* **EXTRACTED RECORDS**
((

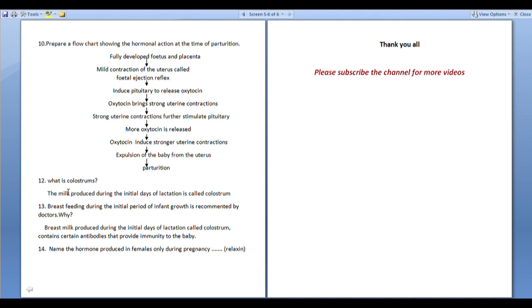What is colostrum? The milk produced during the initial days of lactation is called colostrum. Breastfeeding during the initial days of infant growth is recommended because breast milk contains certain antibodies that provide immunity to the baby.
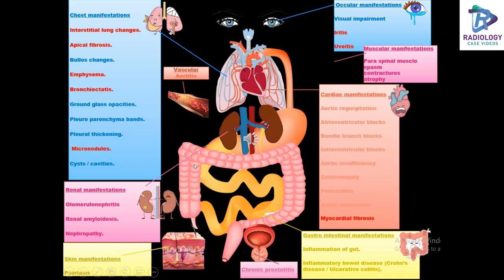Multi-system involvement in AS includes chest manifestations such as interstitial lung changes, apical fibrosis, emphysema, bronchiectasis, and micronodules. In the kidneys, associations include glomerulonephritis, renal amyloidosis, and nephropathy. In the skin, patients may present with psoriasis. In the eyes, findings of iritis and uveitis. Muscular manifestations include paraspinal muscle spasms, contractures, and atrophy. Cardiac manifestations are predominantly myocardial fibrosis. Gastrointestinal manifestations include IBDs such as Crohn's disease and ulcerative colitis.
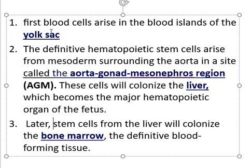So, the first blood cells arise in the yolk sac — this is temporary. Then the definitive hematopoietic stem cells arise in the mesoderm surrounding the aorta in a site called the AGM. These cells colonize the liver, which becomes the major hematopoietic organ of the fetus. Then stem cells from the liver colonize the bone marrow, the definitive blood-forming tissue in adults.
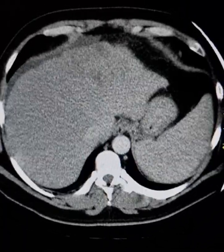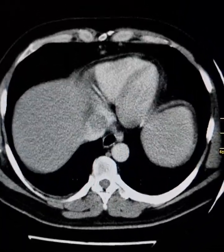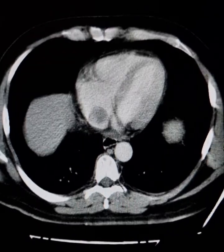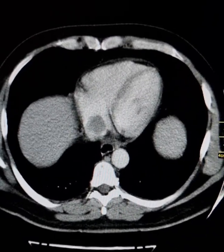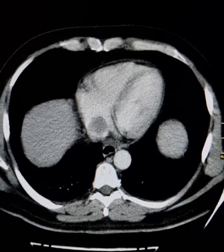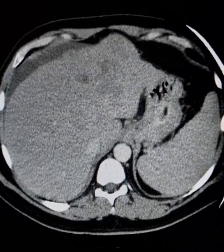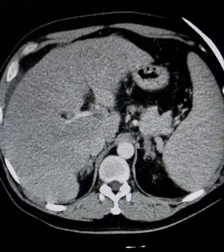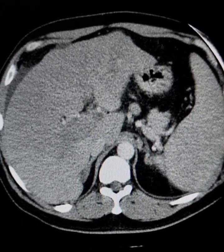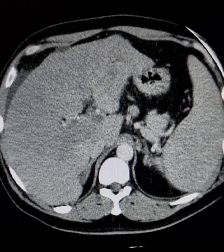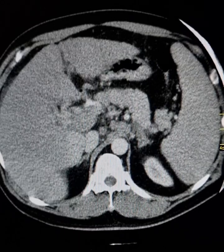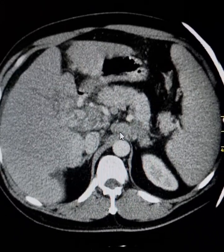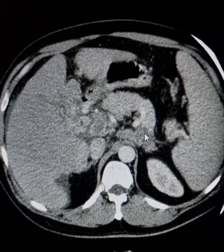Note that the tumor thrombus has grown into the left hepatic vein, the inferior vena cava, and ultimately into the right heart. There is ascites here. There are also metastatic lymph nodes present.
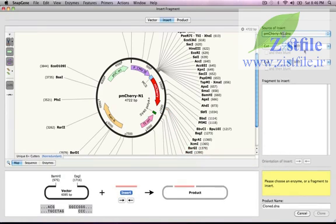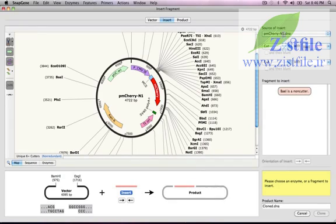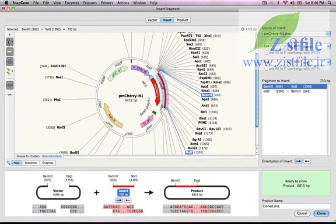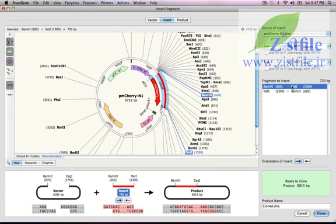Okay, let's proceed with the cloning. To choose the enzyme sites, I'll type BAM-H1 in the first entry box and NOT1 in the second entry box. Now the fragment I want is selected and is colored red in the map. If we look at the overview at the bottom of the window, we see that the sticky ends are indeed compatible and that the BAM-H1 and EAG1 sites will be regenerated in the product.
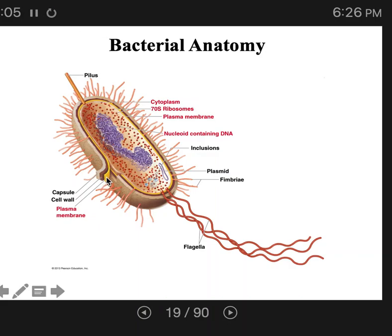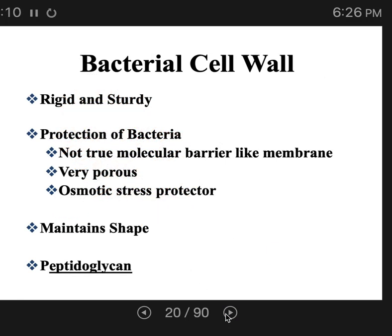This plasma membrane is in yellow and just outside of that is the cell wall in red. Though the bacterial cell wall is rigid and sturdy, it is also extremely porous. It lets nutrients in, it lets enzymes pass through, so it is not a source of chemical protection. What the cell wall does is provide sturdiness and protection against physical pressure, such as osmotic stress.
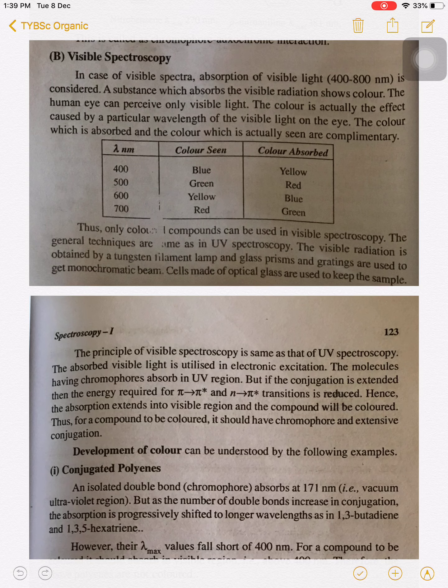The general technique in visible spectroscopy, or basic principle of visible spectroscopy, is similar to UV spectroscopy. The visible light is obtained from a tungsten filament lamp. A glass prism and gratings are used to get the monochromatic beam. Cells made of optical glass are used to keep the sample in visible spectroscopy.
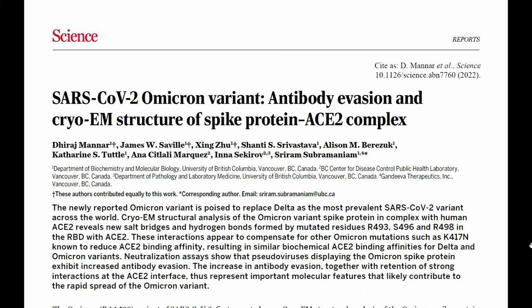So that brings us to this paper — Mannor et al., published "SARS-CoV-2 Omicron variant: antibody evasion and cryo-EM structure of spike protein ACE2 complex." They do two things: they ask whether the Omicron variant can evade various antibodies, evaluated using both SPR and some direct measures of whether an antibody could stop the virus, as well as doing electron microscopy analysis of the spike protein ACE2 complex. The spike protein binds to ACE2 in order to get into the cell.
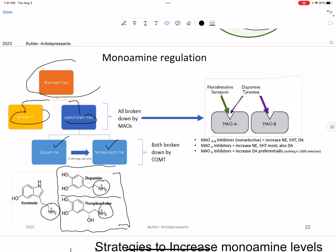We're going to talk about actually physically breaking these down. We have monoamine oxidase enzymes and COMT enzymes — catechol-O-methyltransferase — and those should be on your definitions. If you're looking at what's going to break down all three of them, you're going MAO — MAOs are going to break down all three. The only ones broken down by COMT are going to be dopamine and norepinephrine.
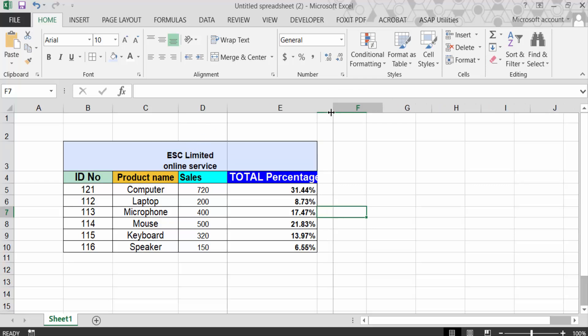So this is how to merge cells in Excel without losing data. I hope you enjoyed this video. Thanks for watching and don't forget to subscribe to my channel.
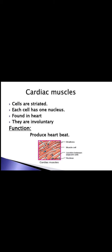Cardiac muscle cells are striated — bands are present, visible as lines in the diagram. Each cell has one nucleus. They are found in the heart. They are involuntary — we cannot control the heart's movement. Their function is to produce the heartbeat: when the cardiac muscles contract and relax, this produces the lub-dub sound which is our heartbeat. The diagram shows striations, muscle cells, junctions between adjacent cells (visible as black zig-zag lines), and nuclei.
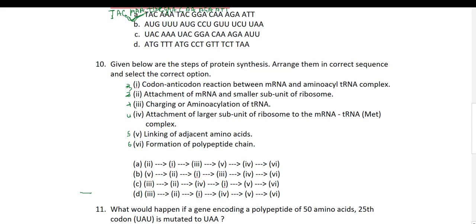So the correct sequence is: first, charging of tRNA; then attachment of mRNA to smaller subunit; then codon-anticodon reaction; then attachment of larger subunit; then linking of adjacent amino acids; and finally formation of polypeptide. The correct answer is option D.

))
((

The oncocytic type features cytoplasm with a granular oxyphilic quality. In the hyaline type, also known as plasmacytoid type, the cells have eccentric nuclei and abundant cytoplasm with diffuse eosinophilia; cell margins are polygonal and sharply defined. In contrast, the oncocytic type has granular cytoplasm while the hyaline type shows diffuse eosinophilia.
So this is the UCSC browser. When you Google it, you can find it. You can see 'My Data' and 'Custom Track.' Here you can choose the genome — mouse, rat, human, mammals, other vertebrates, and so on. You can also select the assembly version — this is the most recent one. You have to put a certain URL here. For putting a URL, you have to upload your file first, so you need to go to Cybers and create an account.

))

* **REQUIREMENT**
Repeat only the stretch of data above that runs from the line with "Note that the" to the line with "Okay, let's proceed". Keep both end lines; exclude pictures.

* **ANSWER TO THE EXERCISE**
Note that the tumor thrombus has grown into the left hepatic vein, the inferior vena cava, and ultimately into the right heart. There is ascites here. There are also metastatic lymph nodes present.
Okay, let's proceed with the cloning. To choose the enzyme sites, I'll type BAM-H1 in the first entry box and NOT1 in the second entry box. Now the fragment I want is selected and is colored red in the map. If we look at the overview at the bottom of the window, we see that the sticky ends are indeed compatible and that the BAM-H1 and EAG1 sites will be regenerated in the product.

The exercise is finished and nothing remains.